Records for the task Start Marker
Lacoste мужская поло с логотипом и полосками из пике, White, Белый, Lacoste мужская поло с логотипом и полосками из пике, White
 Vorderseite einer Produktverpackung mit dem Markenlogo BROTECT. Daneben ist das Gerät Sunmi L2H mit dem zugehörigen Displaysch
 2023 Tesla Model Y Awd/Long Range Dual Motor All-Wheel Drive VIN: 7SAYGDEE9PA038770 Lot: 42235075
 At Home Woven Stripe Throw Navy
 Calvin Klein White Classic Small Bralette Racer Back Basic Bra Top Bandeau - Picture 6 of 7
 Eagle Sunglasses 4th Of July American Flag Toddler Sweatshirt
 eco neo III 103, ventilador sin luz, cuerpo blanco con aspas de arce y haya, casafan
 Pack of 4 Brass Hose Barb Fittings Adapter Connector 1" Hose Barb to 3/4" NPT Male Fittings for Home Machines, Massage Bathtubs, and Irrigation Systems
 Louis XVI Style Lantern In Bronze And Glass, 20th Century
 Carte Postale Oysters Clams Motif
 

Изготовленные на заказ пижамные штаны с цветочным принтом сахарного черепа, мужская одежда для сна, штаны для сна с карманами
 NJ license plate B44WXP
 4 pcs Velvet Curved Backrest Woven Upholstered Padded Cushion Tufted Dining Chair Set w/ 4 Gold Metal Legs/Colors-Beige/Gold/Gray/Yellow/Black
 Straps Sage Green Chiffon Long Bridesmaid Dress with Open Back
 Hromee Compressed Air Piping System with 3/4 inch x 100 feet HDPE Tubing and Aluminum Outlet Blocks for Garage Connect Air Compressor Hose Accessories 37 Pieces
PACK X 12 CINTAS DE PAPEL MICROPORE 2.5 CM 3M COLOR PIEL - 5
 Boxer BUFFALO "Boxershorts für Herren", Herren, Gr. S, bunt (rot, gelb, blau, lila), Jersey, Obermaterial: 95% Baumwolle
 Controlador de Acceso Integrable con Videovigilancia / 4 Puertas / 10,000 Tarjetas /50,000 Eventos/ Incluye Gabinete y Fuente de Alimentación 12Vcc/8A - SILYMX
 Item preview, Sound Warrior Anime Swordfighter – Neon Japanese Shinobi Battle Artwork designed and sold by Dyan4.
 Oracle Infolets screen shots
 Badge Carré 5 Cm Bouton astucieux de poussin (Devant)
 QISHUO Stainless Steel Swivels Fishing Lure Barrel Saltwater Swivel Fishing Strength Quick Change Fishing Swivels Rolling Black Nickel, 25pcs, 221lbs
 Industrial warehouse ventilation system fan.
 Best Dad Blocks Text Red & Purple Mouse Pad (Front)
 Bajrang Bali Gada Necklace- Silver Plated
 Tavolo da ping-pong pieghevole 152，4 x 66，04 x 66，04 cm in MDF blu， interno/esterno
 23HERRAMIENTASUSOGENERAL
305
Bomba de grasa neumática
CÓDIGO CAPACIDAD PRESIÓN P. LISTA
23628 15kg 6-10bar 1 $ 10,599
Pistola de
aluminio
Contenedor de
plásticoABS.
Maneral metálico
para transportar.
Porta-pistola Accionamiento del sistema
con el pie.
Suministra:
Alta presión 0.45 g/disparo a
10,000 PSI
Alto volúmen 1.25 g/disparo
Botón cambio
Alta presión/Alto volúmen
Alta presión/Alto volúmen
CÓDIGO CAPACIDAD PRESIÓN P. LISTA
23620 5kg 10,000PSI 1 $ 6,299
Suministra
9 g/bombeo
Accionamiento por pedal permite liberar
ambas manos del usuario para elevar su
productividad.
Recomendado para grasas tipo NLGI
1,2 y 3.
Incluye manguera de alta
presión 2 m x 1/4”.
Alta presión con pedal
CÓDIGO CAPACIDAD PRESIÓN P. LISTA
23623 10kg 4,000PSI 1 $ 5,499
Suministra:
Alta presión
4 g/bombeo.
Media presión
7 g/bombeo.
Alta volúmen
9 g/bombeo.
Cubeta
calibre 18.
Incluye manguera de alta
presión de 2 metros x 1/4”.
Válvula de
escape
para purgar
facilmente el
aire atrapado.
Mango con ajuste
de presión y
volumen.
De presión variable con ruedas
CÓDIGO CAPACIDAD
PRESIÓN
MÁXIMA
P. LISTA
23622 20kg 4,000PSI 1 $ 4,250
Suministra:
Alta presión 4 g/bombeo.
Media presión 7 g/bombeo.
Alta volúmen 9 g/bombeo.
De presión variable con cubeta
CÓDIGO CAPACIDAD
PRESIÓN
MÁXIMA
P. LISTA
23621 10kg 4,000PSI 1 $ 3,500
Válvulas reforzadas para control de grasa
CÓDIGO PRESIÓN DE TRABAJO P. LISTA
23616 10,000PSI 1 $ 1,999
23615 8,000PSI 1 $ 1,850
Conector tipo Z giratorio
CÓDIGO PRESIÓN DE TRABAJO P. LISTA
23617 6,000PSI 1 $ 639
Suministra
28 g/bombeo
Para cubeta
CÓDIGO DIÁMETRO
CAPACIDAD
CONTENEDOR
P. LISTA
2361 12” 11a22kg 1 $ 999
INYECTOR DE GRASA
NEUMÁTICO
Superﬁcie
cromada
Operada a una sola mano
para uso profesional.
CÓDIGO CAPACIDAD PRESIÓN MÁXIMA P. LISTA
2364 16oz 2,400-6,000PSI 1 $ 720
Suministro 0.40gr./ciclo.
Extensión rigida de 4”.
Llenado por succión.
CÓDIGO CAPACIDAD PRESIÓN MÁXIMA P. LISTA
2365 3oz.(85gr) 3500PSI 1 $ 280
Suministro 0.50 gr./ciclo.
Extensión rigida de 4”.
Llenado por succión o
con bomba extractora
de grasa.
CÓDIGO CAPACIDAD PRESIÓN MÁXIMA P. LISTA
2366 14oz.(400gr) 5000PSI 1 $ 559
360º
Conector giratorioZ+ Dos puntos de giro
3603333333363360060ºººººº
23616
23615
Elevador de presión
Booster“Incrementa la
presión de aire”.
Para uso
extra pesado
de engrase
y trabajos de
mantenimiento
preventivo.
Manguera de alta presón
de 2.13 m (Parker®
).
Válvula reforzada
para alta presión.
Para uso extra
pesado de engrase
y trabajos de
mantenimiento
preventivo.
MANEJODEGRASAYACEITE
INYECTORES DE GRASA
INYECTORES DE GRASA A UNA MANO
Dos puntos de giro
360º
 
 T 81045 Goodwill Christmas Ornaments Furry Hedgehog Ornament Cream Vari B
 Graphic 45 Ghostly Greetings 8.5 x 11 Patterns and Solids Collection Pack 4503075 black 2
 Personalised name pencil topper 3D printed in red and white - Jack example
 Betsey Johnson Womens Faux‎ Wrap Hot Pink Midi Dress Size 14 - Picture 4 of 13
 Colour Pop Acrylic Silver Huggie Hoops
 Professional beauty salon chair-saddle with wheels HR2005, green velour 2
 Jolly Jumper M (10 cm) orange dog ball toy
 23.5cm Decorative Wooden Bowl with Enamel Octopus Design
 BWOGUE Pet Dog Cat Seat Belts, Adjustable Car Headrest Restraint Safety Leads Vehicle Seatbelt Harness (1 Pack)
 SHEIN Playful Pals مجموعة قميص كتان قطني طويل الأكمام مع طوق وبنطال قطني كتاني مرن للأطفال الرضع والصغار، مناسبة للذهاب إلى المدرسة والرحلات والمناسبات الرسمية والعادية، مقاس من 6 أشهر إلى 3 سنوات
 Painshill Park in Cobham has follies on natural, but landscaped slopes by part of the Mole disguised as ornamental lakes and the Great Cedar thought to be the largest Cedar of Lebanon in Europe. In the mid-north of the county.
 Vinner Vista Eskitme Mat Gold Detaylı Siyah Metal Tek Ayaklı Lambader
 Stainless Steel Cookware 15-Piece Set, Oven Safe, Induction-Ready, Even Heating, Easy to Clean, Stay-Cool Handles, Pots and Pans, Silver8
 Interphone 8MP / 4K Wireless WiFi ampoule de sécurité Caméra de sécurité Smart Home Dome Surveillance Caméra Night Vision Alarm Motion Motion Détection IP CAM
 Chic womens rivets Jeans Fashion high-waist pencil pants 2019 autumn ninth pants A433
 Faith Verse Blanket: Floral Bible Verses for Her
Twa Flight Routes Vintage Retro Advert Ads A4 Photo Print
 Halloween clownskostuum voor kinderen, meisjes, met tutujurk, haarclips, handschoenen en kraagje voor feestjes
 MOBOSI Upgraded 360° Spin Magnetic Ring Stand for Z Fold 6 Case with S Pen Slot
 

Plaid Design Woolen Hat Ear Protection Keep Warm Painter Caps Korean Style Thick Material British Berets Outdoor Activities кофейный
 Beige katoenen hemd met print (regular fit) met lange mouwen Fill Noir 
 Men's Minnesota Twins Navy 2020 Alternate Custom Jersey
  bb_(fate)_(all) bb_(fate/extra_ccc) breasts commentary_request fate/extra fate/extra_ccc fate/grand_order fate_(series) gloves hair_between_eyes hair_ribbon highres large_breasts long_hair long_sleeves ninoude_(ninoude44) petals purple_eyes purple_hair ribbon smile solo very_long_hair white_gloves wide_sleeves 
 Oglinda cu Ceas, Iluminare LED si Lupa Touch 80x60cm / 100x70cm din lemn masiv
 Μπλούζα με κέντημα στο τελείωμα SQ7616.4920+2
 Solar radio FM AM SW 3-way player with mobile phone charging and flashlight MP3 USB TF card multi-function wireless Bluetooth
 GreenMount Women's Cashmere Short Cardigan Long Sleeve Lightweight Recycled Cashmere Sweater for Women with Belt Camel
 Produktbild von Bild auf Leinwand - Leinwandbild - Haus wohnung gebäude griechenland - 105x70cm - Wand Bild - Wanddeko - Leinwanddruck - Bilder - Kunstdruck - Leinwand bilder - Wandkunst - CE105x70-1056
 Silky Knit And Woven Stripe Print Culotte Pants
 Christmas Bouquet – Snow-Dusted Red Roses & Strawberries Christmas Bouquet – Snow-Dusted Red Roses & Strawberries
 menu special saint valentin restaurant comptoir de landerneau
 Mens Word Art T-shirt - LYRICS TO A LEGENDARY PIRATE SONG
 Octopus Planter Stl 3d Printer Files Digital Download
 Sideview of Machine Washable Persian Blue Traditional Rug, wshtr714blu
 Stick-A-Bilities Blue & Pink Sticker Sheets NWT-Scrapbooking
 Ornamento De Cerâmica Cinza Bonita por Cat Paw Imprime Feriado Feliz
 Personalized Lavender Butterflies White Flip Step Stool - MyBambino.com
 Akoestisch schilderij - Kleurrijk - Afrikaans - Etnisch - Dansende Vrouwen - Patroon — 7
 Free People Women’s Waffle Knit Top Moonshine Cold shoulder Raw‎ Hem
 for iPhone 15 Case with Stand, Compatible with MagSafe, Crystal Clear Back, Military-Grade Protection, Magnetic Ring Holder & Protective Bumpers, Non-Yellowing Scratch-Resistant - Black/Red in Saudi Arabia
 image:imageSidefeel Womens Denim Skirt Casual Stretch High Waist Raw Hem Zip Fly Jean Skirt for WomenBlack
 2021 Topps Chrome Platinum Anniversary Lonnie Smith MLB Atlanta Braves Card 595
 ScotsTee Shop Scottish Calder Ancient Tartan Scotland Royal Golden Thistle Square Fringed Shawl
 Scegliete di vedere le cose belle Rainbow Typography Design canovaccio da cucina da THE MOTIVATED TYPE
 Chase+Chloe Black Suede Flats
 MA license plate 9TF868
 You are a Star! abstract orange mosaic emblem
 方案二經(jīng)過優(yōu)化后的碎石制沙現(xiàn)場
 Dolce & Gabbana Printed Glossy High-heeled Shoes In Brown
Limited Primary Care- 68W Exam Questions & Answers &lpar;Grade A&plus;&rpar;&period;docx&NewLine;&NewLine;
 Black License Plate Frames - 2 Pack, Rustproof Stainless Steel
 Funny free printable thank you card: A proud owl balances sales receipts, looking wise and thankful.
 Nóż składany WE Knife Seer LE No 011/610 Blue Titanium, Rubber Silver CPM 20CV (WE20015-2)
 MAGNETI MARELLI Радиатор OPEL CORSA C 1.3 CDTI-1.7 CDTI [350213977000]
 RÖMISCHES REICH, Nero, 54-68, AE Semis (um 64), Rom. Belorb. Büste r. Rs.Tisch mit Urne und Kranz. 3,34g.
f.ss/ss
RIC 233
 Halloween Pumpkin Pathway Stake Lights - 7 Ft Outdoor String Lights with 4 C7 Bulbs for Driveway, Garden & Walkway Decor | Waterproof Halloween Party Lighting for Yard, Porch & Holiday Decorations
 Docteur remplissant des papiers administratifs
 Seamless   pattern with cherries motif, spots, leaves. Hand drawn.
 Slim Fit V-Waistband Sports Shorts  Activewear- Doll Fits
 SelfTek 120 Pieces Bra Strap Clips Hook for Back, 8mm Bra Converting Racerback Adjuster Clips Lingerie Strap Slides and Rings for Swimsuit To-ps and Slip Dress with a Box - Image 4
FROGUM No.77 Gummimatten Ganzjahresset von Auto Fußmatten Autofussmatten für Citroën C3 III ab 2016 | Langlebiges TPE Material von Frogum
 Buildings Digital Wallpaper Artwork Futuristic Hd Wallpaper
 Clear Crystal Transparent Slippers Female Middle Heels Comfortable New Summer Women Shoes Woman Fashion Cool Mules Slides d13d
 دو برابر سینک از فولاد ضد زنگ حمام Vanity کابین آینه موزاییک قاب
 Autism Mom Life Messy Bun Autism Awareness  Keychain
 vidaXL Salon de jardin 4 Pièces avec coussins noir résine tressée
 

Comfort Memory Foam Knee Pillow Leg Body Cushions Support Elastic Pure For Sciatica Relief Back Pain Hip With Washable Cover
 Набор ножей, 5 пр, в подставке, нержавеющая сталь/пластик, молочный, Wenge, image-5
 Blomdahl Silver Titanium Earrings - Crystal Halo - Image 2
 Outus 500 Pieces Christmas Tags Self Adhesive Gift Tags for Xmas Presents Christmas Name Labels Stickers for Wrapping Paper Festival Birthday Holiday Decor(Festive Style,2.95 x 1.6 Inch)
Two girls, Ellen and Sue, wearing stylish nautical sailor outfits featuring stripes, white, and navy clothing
Records for the task End Marker
**Task directions**
Taking the entries above, print exactly the lines starting at the line with "MAGNETI MARELLI Радиатор" and ending at the line with "Slim Fit V-Waistband", both included.

**Output of the exercise**
 MAGNETI MARELLI Радиатор OPEL CORSA C 1.3 CDTI-1.7 CDTI [350213977000]
 RÖMISCHES REICH, Nero, 54-68, AE Semis (um 64), Rom. Belorb. Büste r. Rs.Tisch mit Urne und Kranz. 3,34g.
f.ss/ss
RIC 233
 Halloween Pumpkin Pathway Stake Lights - 7 Ft Outdoor String Lights with 4 C7 Bulbs for Driveway, Garden & Walkway Decor | Waterproof Halloween Party Lighting for Yard, Porch & Holiday Decorations
 Docteur remplissant des papiers administratifs
 Seamless   pattern with cherries motif, spots, leaves. Hand drawn.
 Slim Fit V-Waistband Sports Shorts  Activewear- Doll Fits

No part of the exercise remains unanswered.